Nach dem Tod seiner Ehefrau ließ er sich 1893 im Alter von 49 Jahren pensionieren, finanzierte seine Familie und seine Malerei unter anderem durch Musikunterricht. Schon davor hatte er im Louvre in Paris Gemälde kopiert. Erste Ausstellungen seiner eigenen Bilder gab es 1885, wirklichen wirtschaftlichen Erfolg hatte er allerdings erst mit seinen Dschungelbildern. Eines der schönsten ist sicherlich das in seinem Todesjahr entstandene zwei mal drei Meter große Bild "Der Traum" - ein Dickicht mit Löwen, einem kugelrunden Mond, Tierköpfen und einer nackten Frau auf einem Sofa. Es hängt im Museum of Modern Art in New York.

Vorläufer des Surrealismus

In die Mode der damaligen Zeit, die von der impressionistischen Magie des Lichts und dem Erfassen des Augenblicks geprägt war, passten Rousseaus Werke jedoch nicht. Vielfach verspottet und als Außenseiter abgetan hatte der Maler aber wichtige Freunde. Dazu gehörte der junge Pablo Picasso. Er kaufte ihm das Bild "Portrait de femme" ab und veranstaltete ihm zu Ehren 1908 das "Banquet Rousseau", zu dem Künstler und Intellektuelle geladen wurden. Auch der Maler Georges Braque und der in Paris lebende deutsche Kunsthändler Wilhelm Uhde, der als einer der "Entdecker" Rousseaus gilt, zählten zu seinen Förderern. Nicht zuletzt die große Anerkennung der 30 bis 40 Jahre jüngeren Künstlerkollegen war es, die den eigenbrötlerischen Maler beflügelte.

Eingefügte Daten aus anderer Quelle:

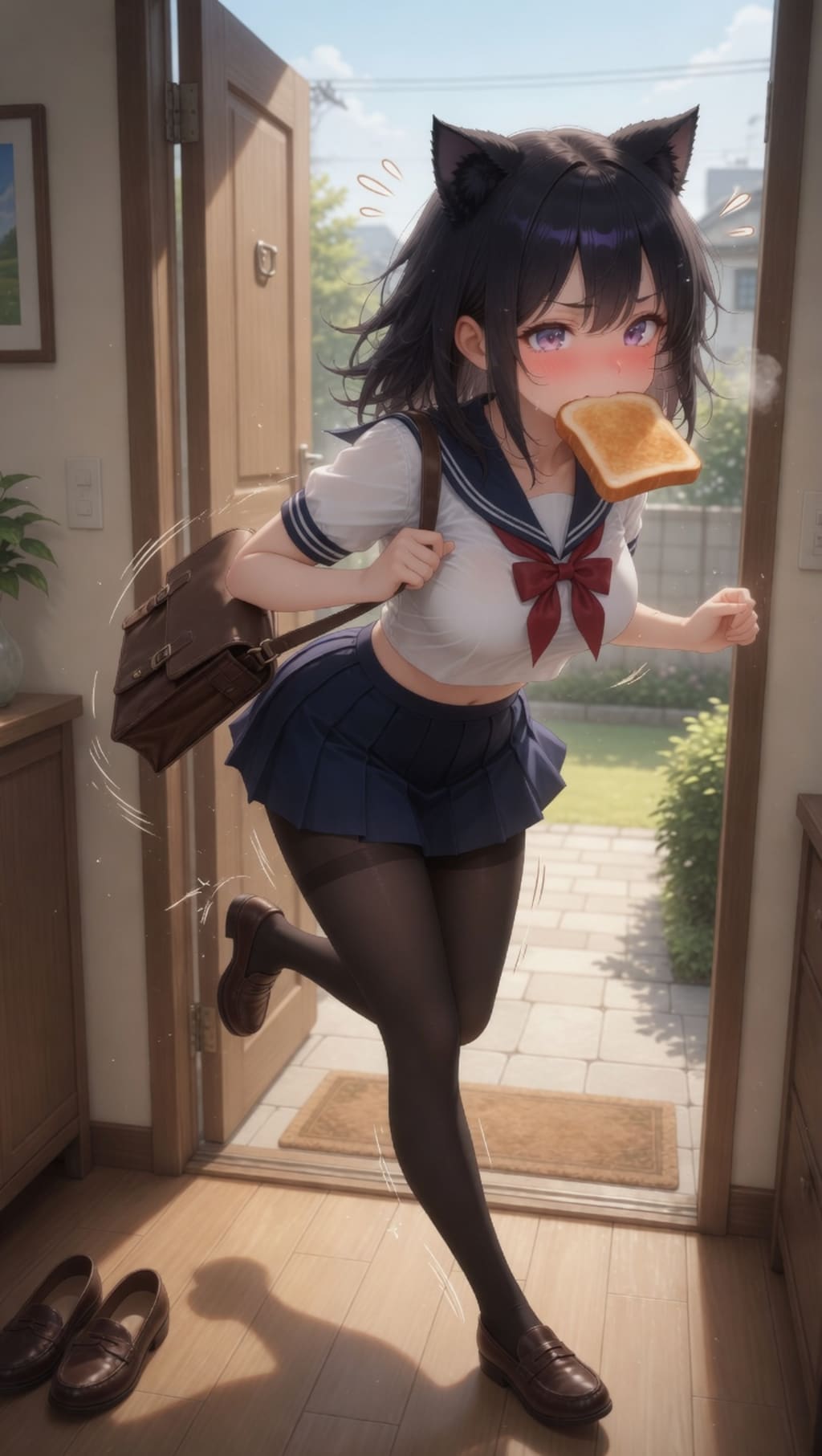 遅刻寸前黒猫JKさん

Rousseaus Bilder machten die Fläche zum zentralen Element seiner Kunst. In seinen Anfangsbildern begrenzten noch häufig Mauern das dichte Grün, doch diese sprengte er in seinen späteren Werken. Er malte Porträts, Landschaftsausschnitte, Moment-Aufnahmen, die an Fotografien erinnern und immer wieder Wald, Bäume, Grün. Erst relativ spät - um 1905 - entdeckt der nur 1,63 Meter große Maler den Dschungel als Motiv. Der Urwald auf seinen Bildern hat nichts Bedrohliches. Es scheint, als habe "der Künstler ihn erschlossen", schrieb ein Kritiker. Seine Werke galten Kunstkennern lange als "naiv", zählen heute jedoch zu den Vorläufern des Surrealismus.

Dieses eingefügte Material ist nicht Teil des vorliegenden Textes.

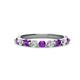 1 - Venice 2.70 mm Round Amethyst and Diamond 9 Stone Wedding Band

Ganz genau achtete Rousseau darauf, seine Pflanzen korrekt zu malen. Anregungen holte er sich unter anderem bei Besuchen im botanischen Garten. Bei sich zu Hause hatte er eine umfangreiche Sammlung von Pflanzenblättern.

Ausstellung im Guggenheim-Museum in Bilbao

Im Jahr seines 100. Todestages widmete die Fondation Beyeler in Basel Henri Rousseau bereits im Frühjahr eine Ausstellung; noch bis zum 12. September zeigt das Guggenheim-Museum im baskischen Bilbao eine Auswahl seiner Werke. Der eigentümliche Stil des Malers entstand nach Angaben des Museums dadurch, dass er in einer Art gemalten Collage vorhandene, voneinander unabhängige Elemente ausschnitt und übereinander fügte. "Dieses kompositorische Verfahren", urteilen die Kuratoren in Bilbao, "war eine Quelle der Inspiration für Avantgarde-Künstler wie Picasso, Fernand Léger und Max Ernst".